Updated: Apr 13, 2019

Broth serves as a basis in which most things are built upon. You can use it for ramen, for pot roast, for soups, even drink it straight. The list seriously can go on and on.

Broth is how you make the best of those scraps from cutting up your own meat or raiding the manager's special section of the grocery. Super easy to do, and much better tasting than what you would buy at the store.


  • meat and bones (great way to use all those scraps from meals throughout the month)

  • 2 quarts water per pound of meat and bones

All broth (that's not vegetarian) comes down to meat and water (think hot ham water in Arrested Development). For our broth, we prefer to use the dark meats of the chicken because it contains more gelatin and gives the broth more body. Really, you can use whatever kinds of bones you want, we just happened to have a lot of chicken bones because that's what we eat the most.


1. Cook the meat and bones

If you use a regular pot:

All you gotta do is heat up some water to a boil, put your meat scraps in, and keep the pot at a simmer for about 6 hours.

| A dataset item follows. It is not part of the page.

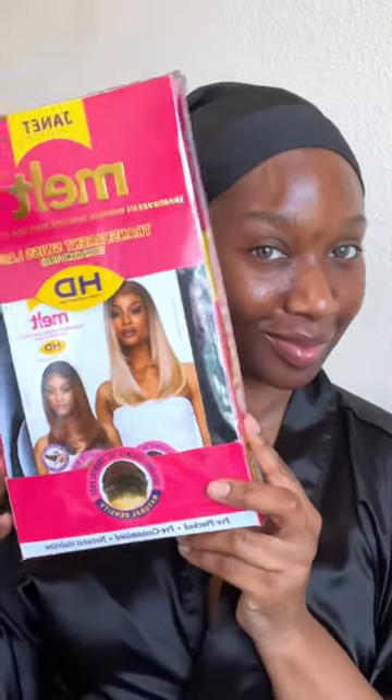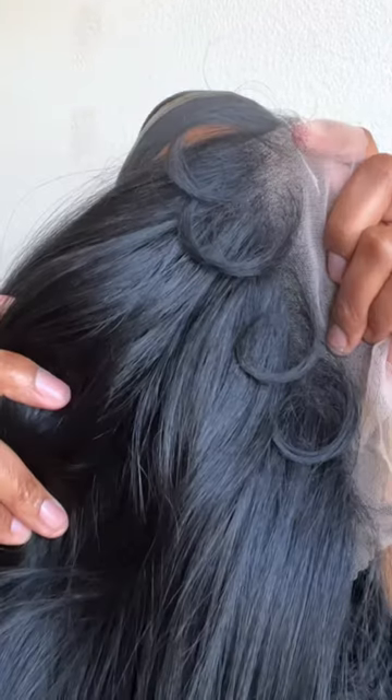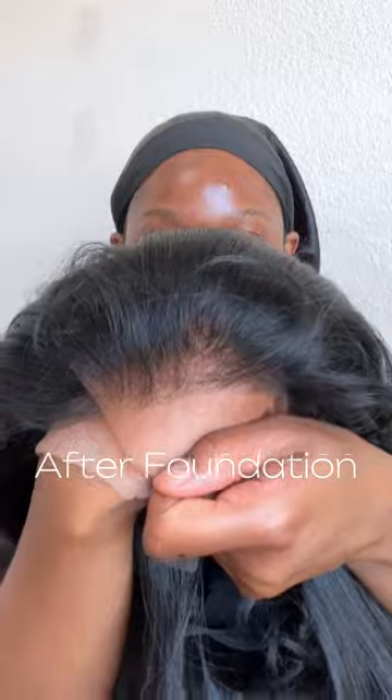Janet Collection sent me one of their units by the name of Paulina. She came with a 13 by 6 parting space and baby hairs. The lace on this unit was looking a little bit gray, but once we added the foundation, she came together real nice, real cute.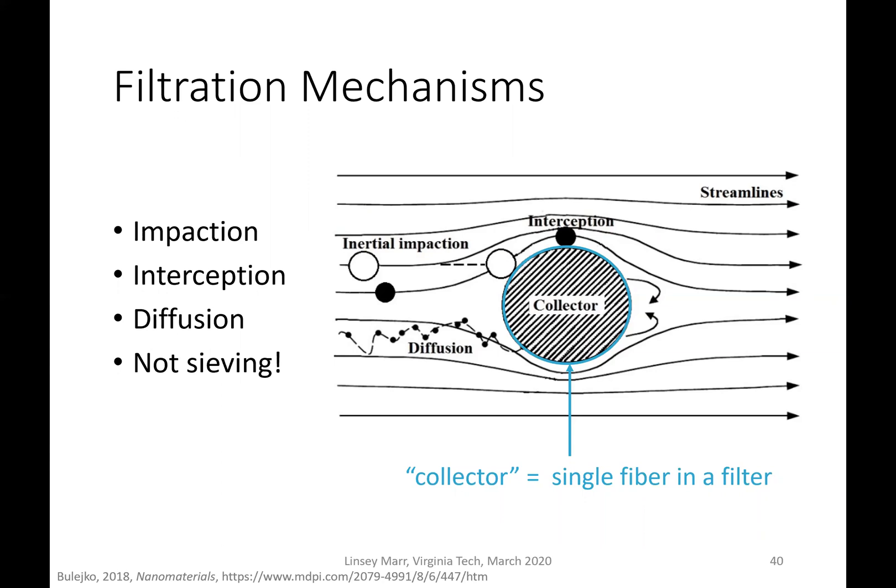The first way particles can be removed is by inertial impaction, shown by the white circle. The particle comes along with streamlines flowing around the fiber — the collector outlined in blue. For a relatively large particle, as the streamline starts to bend around the collector, the particle has too much inertia and keeps going in a straight line — like a car going around a corner and you get thrown against the door. The particle then crashes into the collector and gets stuck.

If you use a pressure cooker:

Or you can be lazy like us and pressure cook it for 2 hours.

Fun fact: ramen broth is kept at a higher temperature for a long time to encourage the bubbling action to emulsify the broth hence the general thick look of ramen broths.

2. Strain the liquid

Once you're done cooking, strain the liquid. Do not squeeze it or push it. Just let the liquid drain using a strainer. We actually use our steamer to drain the liquid.

3. Bottle, store, and enjoy!

If the amount of fat extracted from the meat and skins makes you nervous as you can clearly see at the top of the jar in the video, you can refrigerate the broth and the fat will solidify on top where you can just take it out. Use can use it for cooking, or just throw it out.

On the other end of the spectrum, if you want to try and incorporate the fat into your broth, you can blend the broth with a little soy lecithin.

Variations and Extra Tips:

Here a a bunch of other variations and options to enhance your broths and general cooking options:

Other Flavorings: Carrots, celery and onions are common additions for more flavorful broths. Josh likes to make it in a similar fashion of ramen broth with the use of onions, green onions, leeks, ginger, and garlic.

You can make it much more interesting by roasting/searing any or all the ingredients. Due to a general lack of real estate in the pot, we generally do the meat part first, then simmer any other vegetables for 30 minutes to an hour and strain but if you have a big enough put, feel free to do it all in one go.

Vinegar: you can get more nutrients out of the bones by adding a little bit of vinegar (about 1 tsp per gallon). The goal is to make the liquid slightly acidic to help leach out nutrients from the bones. Flavor as you desire; we're big fans of mushrooms and leeks.

Fun stuff:

Demi Glace / Glace de Viande: This is what Josh makes when we have a lot of broth made and can't use it fast enough. Take your filtered stock and reduce (simmer to evaporate the water) it as much as possible. You'll end up with something thick and syrupy that when you let it cool down, you get gelled broth (same thing as those instant boullion broth flavor gel packs in the grocery). They store quite nicely in the freezer.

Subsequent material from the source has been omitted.